§ Work required:
The answer must be an exact copy of the lines from the one containing "Smart Spending, Seamless" through the end of the records, with the pictures left out.

Short web captions
=== Section Start ===
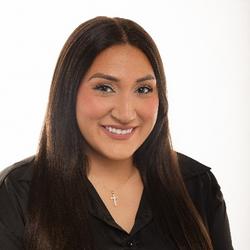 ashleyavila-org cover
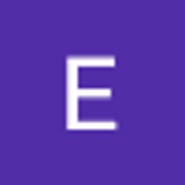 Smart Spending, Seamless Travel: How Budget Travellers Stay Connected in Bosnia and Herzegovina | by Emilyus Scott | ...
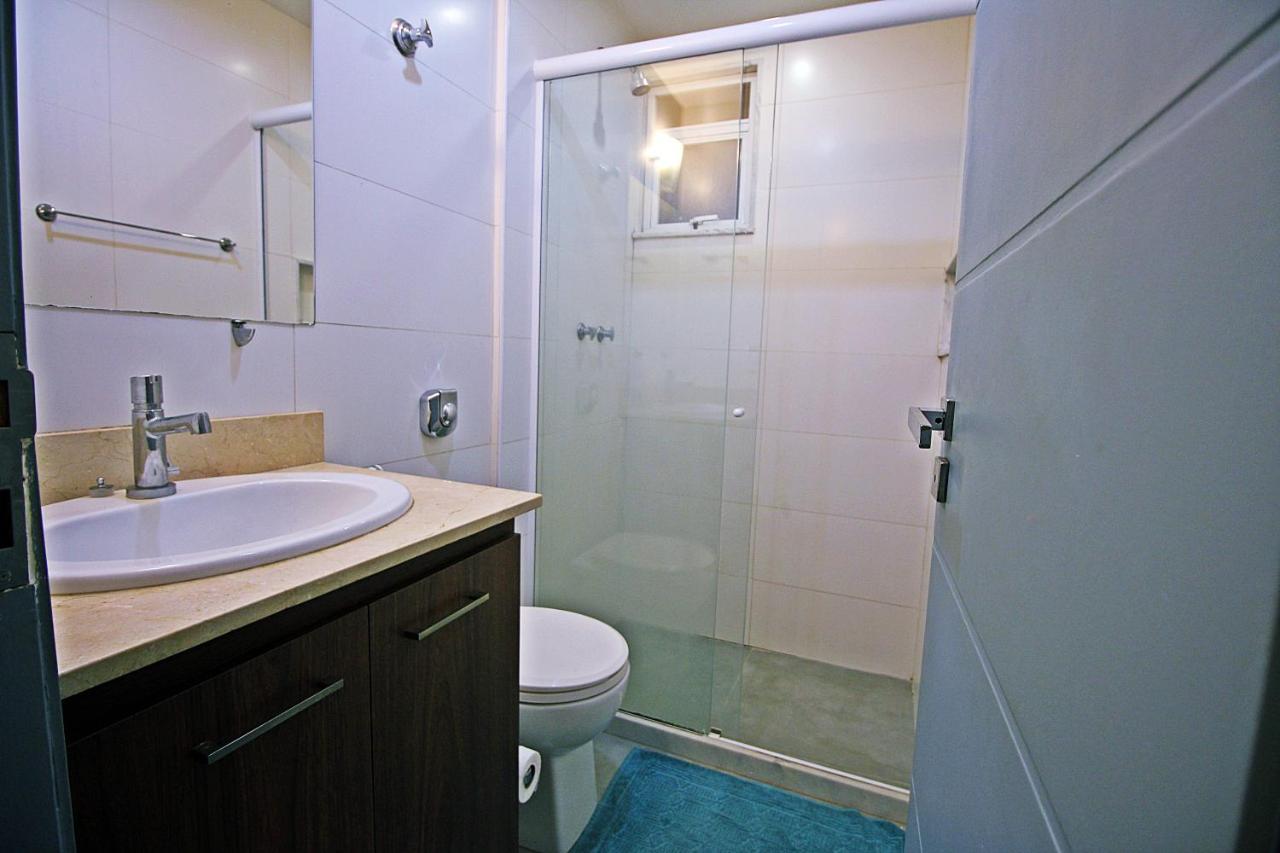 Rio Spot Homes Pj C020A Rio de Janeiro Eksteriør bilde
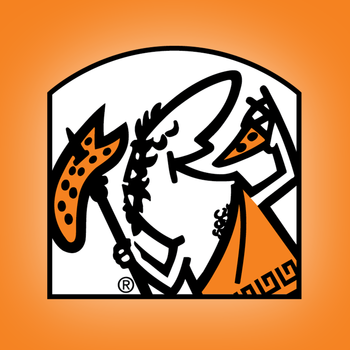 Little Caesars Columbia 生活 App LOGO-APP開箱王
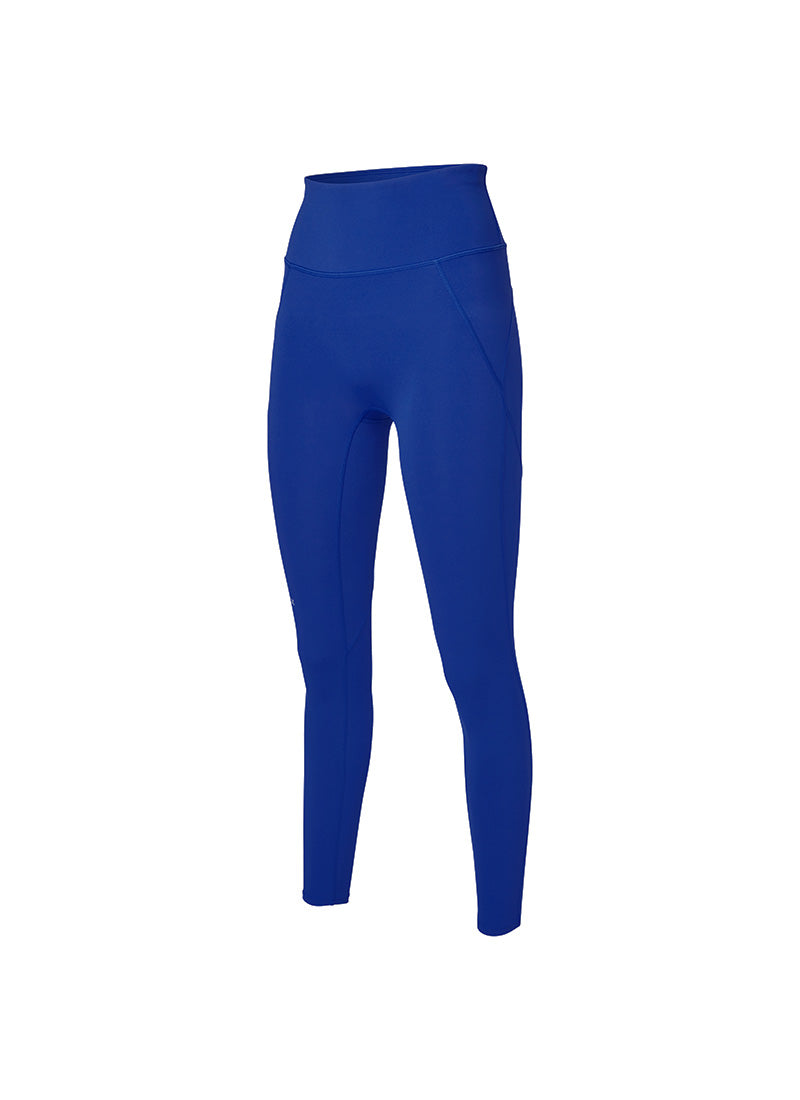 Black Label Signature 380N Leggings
=== Section End ===
§ Output for this exercise:
 Smart Spending, Seamless Travel: How Budget Travellers Stay Connected in Bosnia and Herzegovina | by Emilyus Scott | ...
 Rio Spot Homes Pj C020A Rio de Janeiro Eksteriør bilde
 Little Caesars Columbia 生活 App LOGO-APP開箱王
 Black Label Signature 380N Leggings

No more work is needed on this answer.